5. Linkage to incident management and reporting obligations
Your continuity plan must not exist as a standalone document. Auditors check that it is integrated with your incident management system. Specifically, they look for:
- A clear definition of when a continuity failure becomes a reportable incident under the NDIS (Incident Management and Reportable Incidents) Rules
- Procedures for notifying the Commission within required timeframes when participant safety has been or may be compromised
- Integration with your complaints management process, so participants affected by a disruption know how to raise concerns
Common non-conformances found in SIL audits
| Non-conformance | What auditors see | The fix |
|---|---|---|
| Generic template not adapted to the service | Plan references "clients" without any SIL-specific content | Customise every section to your participant cohort and physical sites |
| No participant-specific continuity provisions | One blanket response for all participants | Attach individual continuity annexes or link to support plans |
| Stale contact lists | Staff contacts from 12+ months ago, former employees listed | Quarterly review cadence with sign-off evidence |
| No testing records | Plan states "will be tested annually" but no records exist | Schedule and document a tabletop exercise before your audit |
| Disconnected from incident management | No reference to reportable incidents or Commission notification | Cross-reference the NDIS Incident Rules in the plan body |
| No staff training evidence | Plan exists but workers are unaware of their role | Add continuity training to induction and annual refresher schedule |
A practical step-by-step approach to audit readiness
- Map all critical supports — list every support type you deliver and identify which would cause immediate participant harm if interrupted.
- Conduct a risk assessment — for each critical support, rate likelihood and consequence; document the assessment as a formal attachment.
- Draft participant-specific annexes — for each participant or household, note their specific vulnerabilities and communication needs during a disruption.
- Assign and document roles — name the continuity lead, deputy, and communication officer; obtain written acknowledgement from each.
- Integrate with your incident management system — define the thresholds that trigger Commission notification.
- Test the plan — run a tabletop exercise using a realistic scenario; document the date, participants, findings, and actions taken.
- Set a review cadence — review after every real incident, and at a minimum annually; capture sign-off in a version history table within the document.
- Train all staff — include the plan in induction packs and record completion in your learning management system.
Preparing your documentation package
Auditors expect to receive a coherent bundle of evidence, not a folder of loosely related policies.
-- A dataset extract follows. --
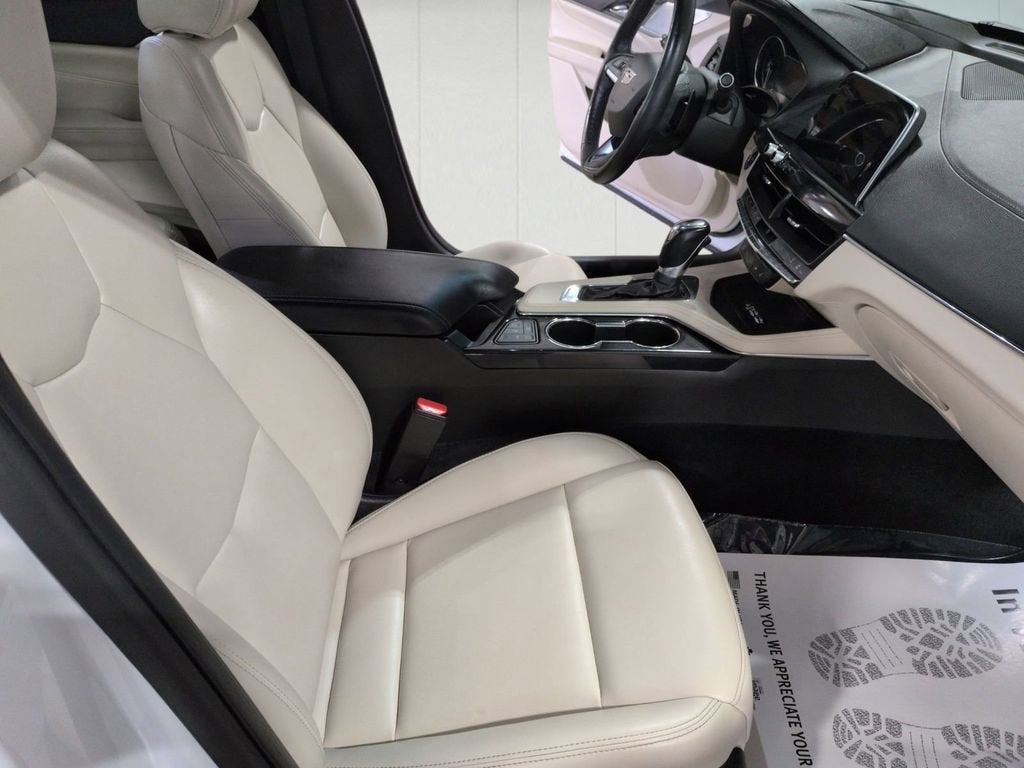 2023 Cadillac CT4 Luxury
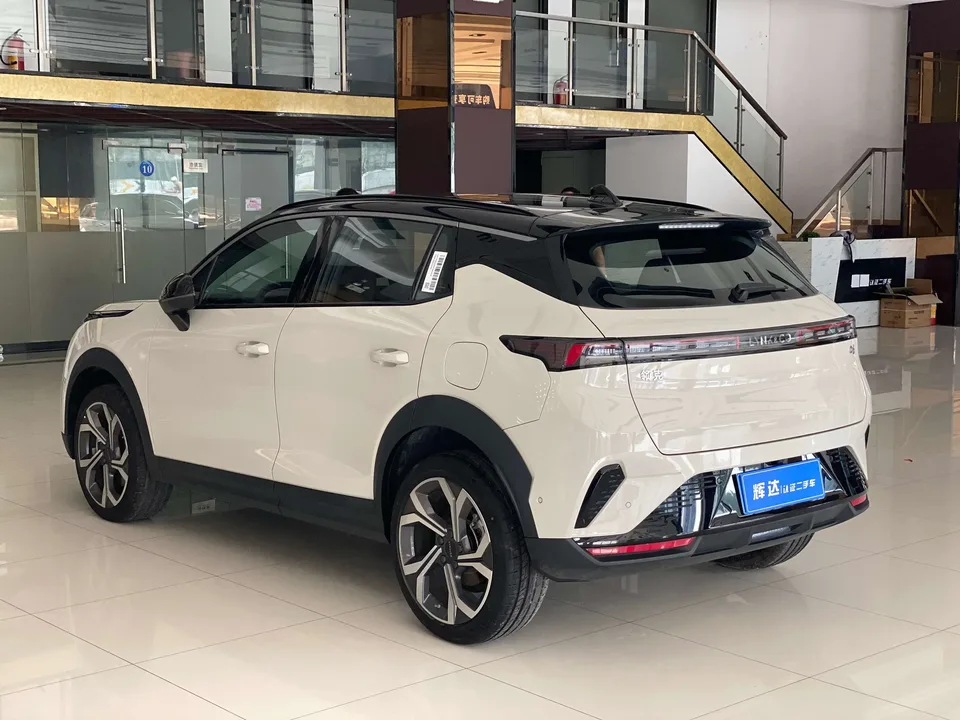 Lynk & Co 06 Lynk & Co 06 2025 Renew 1.5T Halo 2024 — thumbnail 2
Your continuity of supports plan should sit alongside — and cross-reference — your incident management policy, emergency management plan, behaviour support procedures, and participant communication guides.
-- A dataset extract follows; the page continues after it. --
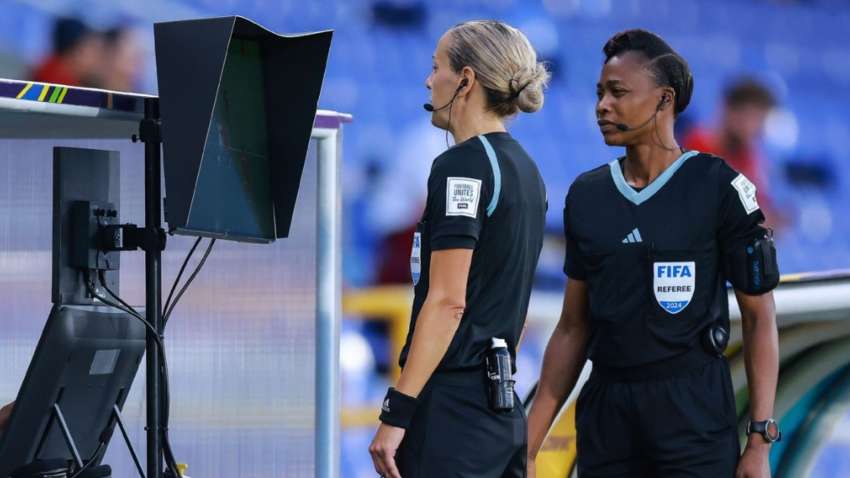 ФИФА тестирует новую систему FVS: как она может именить футбол ФИФА тестирует новую систему FVS: как она может именить футбол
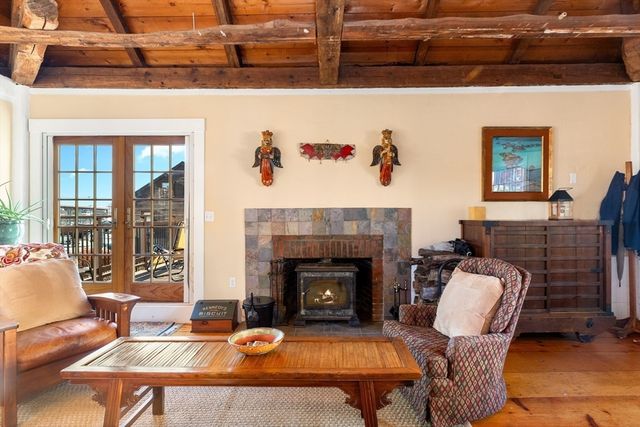 43 Front St 43, Beverly, MA 01915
If you are working toward registration or renewal in 2026 and need to accelerate your document readiness, ndiscompliant.com.au offers a 74-document audit-ready SIL compliance kit that includes a customisable continuity of supports plan aligned to the strengthened Practice Standards framework.
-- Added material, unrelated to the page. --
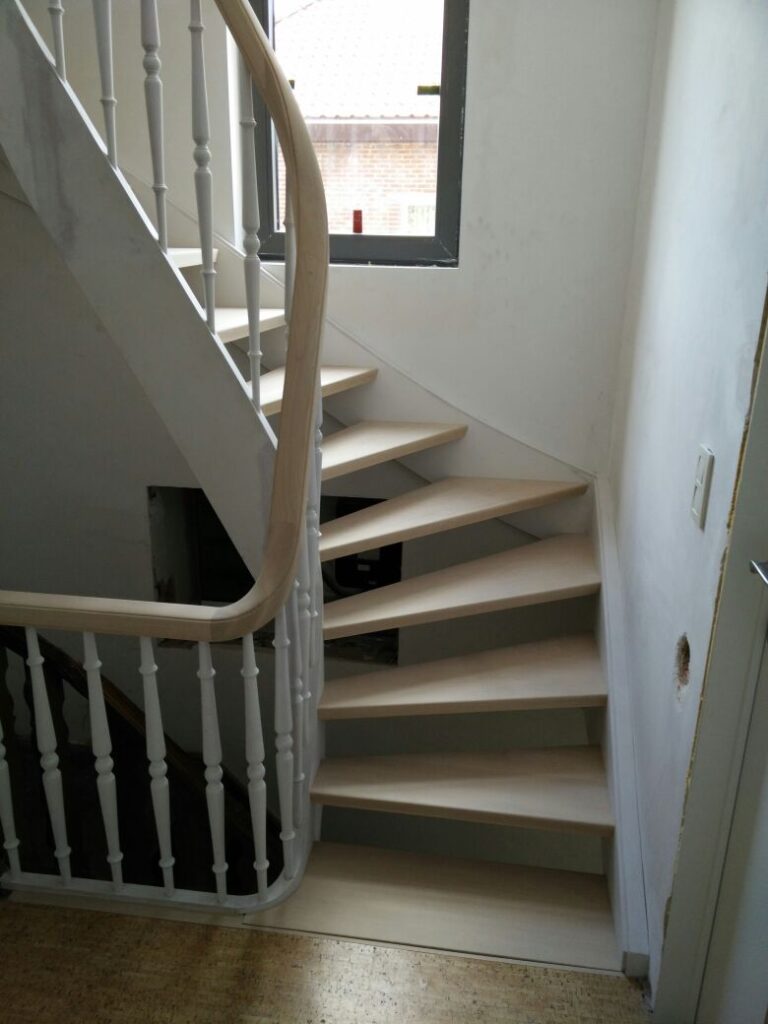 traprenovatie,renovatie trap, herstellen, nieuwe trap, aansluiting aan bestaande trap, leuning, courbe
Regardless of whether you use a pre-built kit or develop documents in-house, the principle is the same: every document in your evidence bundle must show clear internal consistency, and every claim must be backed by a record that an auditor can verify on the day.
Important: This article provides general guidance about NDIS compliance requirements. It is not legal or professional advice. Requirements may change as the NDIS Commission updates its policies and Practice Standards. Always verify current requirements with the NDIS Quality and Safeguards Commission or a registered NDIS consultant before making compliance decisions.